(Short text fragments from websites)
—————

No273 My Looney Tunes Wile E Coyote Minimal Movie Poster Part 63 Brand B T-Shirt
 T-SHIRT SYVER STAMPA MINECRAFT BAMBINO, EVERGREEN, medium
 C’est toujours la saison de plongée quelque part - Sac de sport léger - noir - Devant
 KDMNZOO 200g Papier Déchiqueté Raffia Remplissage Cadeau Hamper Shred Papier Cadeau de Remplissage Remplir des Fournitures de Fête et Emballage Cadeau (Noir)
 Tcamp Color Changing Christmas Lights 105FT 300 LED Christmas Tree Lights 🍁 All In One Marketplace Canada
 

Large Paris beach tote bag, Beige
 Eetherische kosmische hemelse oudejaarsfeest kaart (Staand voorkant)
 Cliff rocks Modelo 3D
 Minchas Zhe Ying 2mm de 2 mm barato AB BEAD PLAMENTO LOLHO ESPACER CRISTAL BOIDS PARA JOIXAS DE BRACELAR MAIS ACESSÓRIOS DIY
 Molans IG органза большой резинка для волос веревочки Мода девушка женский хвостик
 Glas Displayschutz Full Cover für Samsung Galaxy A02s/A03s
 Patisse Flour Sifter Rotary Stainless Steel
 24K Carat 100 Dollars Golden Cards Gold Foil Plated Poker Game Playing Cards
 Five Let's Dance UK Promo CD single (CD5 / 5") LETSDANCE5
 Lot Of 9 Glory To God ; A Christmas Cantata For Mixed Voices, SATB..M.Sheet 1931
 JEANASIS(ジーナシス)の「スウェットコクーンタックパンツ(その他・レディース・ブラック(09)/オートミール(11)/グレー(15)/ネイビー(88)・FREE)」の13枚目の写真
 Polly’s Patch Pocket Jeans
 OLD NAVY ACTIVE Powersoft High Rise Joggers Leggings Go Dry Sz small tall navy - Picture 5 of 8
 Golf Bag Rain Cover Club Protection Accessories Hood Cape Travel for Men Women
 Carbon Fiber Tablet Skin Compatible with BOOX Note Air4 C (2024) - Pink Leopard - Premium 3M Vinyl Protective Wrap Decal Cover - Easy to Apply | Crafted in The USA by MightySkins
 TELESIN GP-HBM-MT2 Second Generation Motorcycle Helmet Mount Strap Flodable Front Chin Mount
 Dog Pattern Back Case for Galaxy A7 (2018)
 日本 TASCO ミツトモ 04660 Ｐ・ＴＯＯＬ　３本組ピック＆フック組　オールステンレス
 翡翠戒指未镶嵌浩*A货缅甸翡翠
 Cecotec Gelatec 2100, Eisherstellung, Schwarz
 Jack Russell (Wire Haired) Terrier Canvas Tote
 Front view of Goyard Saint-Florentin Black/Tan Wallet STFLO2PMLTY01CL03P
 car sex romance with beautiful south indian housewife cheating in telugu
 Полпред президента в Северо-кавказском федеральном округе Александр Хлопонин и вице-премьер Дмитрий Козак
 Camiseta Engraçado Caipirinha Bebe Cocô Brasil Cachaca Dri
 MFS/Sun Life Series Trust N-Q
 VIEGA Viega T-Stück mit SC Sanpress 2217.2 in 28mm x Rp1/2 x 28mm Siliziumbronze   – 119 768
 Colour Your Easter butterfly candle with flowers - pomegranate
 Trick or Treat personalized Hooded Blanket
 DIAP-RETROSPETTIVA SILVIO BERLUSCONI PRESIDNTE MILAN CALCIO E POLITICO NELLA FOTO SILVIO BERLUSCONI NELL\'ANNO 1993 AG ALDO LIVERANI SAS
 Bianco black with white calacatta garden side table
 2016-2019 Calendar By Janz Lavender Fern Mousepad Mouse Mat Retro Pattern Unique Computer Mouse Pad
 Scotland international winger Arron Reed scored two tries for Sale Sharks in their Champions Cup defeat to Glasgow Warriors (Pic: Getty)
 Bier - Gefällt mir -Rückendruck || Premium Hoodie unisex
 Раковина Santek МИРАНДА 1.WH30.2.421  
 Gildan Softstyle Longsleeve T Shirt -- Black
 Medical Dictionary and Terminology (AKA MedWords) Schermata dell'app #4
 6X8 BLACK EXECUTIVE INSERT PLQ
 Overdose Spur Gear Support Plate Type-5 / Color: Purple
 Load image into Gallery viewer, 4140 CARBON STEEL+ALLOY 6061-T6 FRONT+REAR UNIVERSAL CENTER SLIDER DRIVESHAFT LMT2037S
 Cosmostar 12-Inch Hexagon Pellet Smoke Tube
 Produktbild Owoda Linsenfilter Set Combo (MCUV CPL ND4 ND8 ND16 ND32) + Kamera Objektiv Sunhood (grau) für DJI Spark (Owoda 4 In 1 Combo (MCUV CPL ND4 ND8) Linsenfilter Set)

—————

How to complete this task: Return, word for word, every line from the top of the entries down to the line that holds "C’est toujours la", both included.

Exercise solution:
No273 My Looney Tunes Wile E Coyote Minimal Movie Poster Part 63 Brand B T-Shirt
 T-SHIRT SYVER STAMPA MINECRAFT BAMBINO, EVERGREEN, medium
 C’est toujours la saison de plongée quelque part - Sac de sport léger - noir - Devant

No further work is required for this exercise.